The basic theme of the poem is asserted in the title: an effort at speech as opposed to clear and meaningful speech that is heard and understood. The poem expresses the need to share and communicate, and it implies the difficulty of achieving this with others or even with oneself. Critic Louise Kertesz, in The Poetic Vision of Muriel Rukeyser (1980), refers to “Effort at Speech Between Two People” as a classic dialogue, but whether the poem is seen as a dialogue or a monologue, the message is the same: It is difficult to know oneself and to know others, and it is difficult to reveal oneself in a world where people move in crowds and do not speak. The world is a lonely place where strangers ache with the need for intimacy. This theme is made explicit in the rhythmic refrains “Grow to know me” and “Speak to me,” which express the human need to communicate and the difficulty of achieving true communication.
This need to know people applies to knowing oneself, as shown by the speaker’s memories of earlier eras of her life and her attempts to understand what she is now. It also refers to the basic human longing to be understood (as in the phrase “First my mind in your hand”), which, for the speaker, should precede touch and make possible the linking of the minutes of the day with each other or make “separate entities” come together like pieces of a puzzle. Further, this need to know refers to knowing other people. To know other people is to learn what humans share in common and thus reduce the sense of individual isolation. To know and learn about others is to create a sense of human community to which people can feel they belong. “Speak to me,” repeats the speaker, reassuring the other person (or another part of herself) that she will be open and receptive rather than judgmental and separate. In a larger sense, the poem speaks clearly not only to the need for a change in consciousness and openness in the individual or between two individuals but also to the imperative need for increased communication and openness among all people, groups, and nations.
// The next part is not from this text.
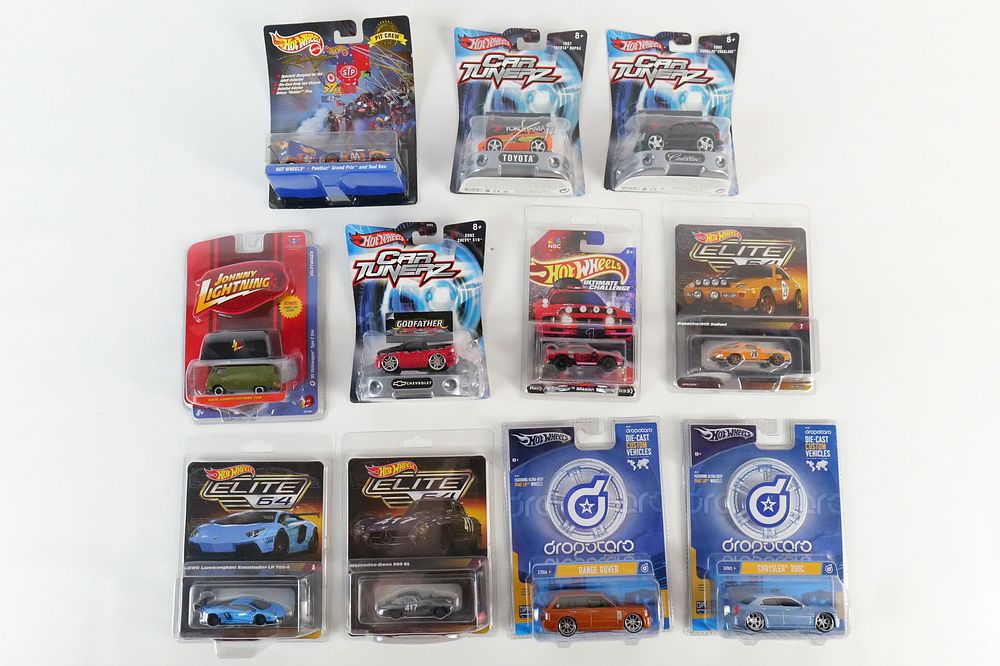 Lot 153: Lot of 11 Hot Wheels and Johnny Lightning Diecast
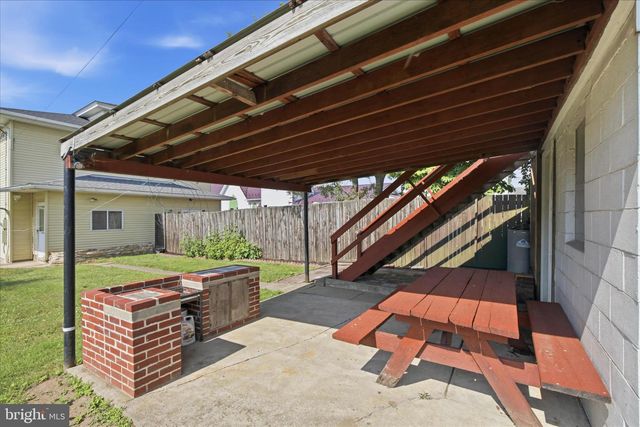 274 MOORE ST, Millersburg, PA 17061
“Breathe-in experience, breathe-out poetry” is the opening line of the first poem in Rukeyser’s first volume of verse (“Poem out of Childhood,” in Theory of Flight). Rukeyser thus announced her desire to communicate and share with others. She believed that poetry was a way “to share something of our experience by turning it into something and giving it to somebody.” Poetry itself, then, is an effort at speech between two people, between writer and receptive reader. Rukeyser wrote repeatedly on behalf of liberal political causes, speaking out for freedom and justice at all levels. All her poetry, including “Effort at Speech Between Two People,” reaches out to touch, to teach, and to communicate, always with the central theme that human beings could and must share themselves with others. That emotional intimacy has the power to transform society.